Mais dans la réalité, beaucoup d’agriculteurs ont privilégié la vision de l’industrie agro mécanique, qui propose des machines de plus en plus volumineuses, qui s’accommodent mal de champs aux dimensions restreintes : les haies ne sont pas souhaitables, et il faut donc, selon le corollaire du théorème de la mésange, protéger les récoltes par des moyens phytosanitaires, des pesticides. L’usage de pesticides éliminera les insectes, mais éloignera aussi les mésanges, puisqu’elles ne trouvent plus de nourriture, ce qui ne constitue pas un cercle vertueux. De plus, ces machines et ces produits coûtent beaucoup d’argent, et nombre d’agriculteurs se retrouvent endettés jusqu’au cou, voire jusqu’au désespoir.

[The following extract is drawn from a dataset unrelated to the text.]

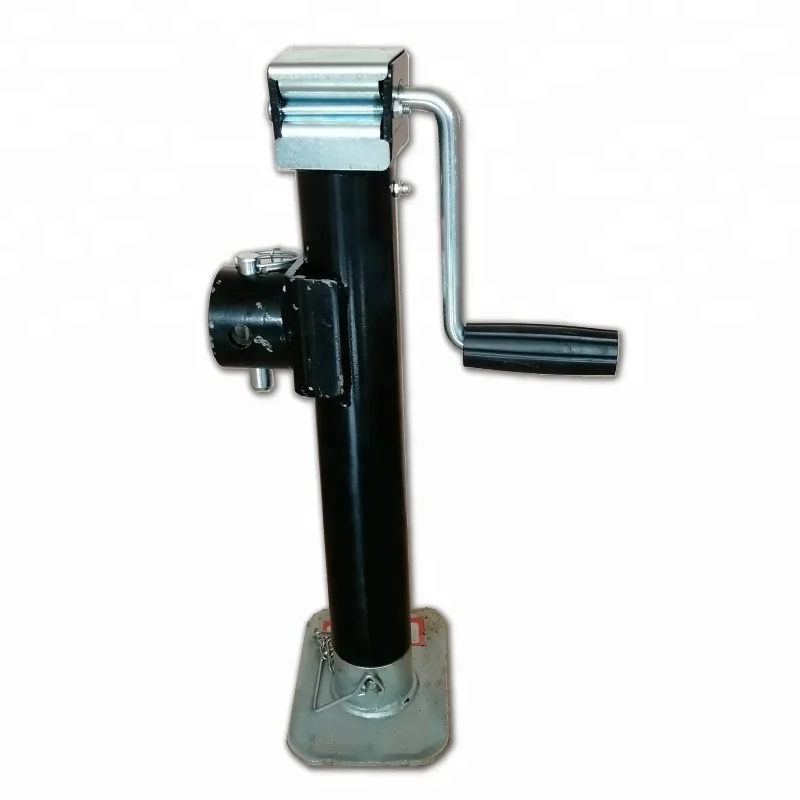 2000lbs pipe mount side wind tractor trailer suspension parts jack price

Comment dites-vous ? Je n’y connais rien ? Vous avez mille fois raison, je ne suis ni agriculteur, ni ingénieur agronome, ni lié de quelque façon que ce soit à la chaîne de production alimentaire, si ce n’est à sa toute dernière extrémité, en tant que consommateur. Mais ces paysages de champs à perte de vue, dénués de toute biodiversité, me chagrinent, et je regrette les champs peuplés d’oiseaux, de mulots et de tous ces petits animaux qui contribuent à la vie des champs et des cultures, et qui souvent trouvent refuge dans les haies et les bocages en bordure des cultures. Car bien entendu, il n’y a pas que les mésanges pour participer à la vie saine d’un champ. Mais vous avez raison : globalement, je suis un ignare en la matière.

Reste le théorème de la mésange auquel il manque une démonstration scientifique, rigoureuse, et dont l’énoncé pourrait être amélioré. Mais tel quel, il me suffit pour croire qu’il y a peut-être quelque chose à repenser dans l’exploitation agricole du terrain.